On November 8, Portland and Seattle will vote on ballot measures to adopt ranked choice voting, and so will three counties in the region: Oregon’s Multnomah County, as well Washington’s Clark and San Juan Counties.
Alaska and Utah serve as inspiration, Washington activist says.
So what’s driving the appetite for ranked ballots?
Supporters say the voting method curbs polarization and produces candidates with the broadest possible support among the electorate.
“I think it’s the moment in our nation's history, where people are recognizing that the dysfunction with our democracy has its roots in our voting method,” says Lisa Ayrault, director of FairVote Washington, a ranked choice voting advocacy organization.
“It's as if there’s a tipping point.
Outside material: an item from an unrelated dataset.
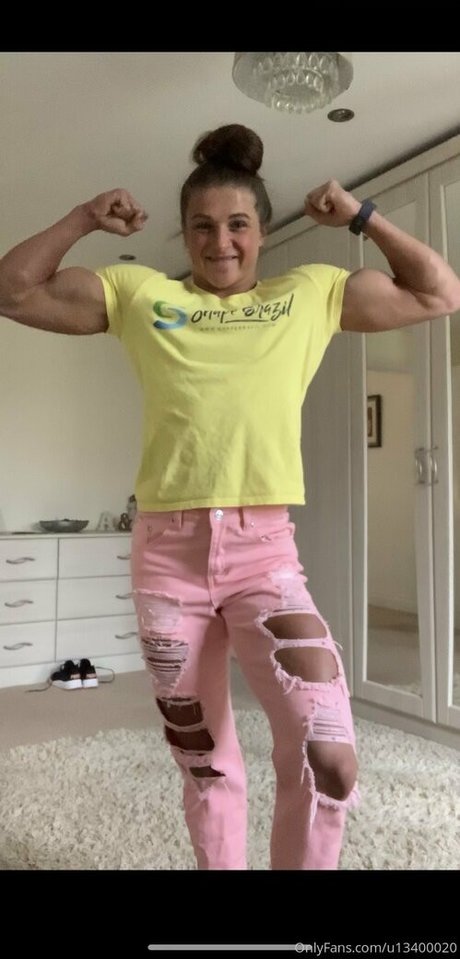 emilyjbrand98 actrice érotique des photos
I sense it all around.”
Ayrault thinks Alaska’s 2020 decision to adopt statewide ranked-choice general elections has piqued the interest of other jurisdictions in the northwest.
“I personally felt a lot of wind in my sails as an advocate when it passed in Alaska,” she says, also citing Utah as an importance influence.
In Utah, twenty-three cities have opted for ranked ballots as part of a statewide pilot program, something Ayrault believes has convinced many conservative voters that the voting method “isn’t just for liberals”.
“Every time a domino falls, there are fewer barriers,” she says.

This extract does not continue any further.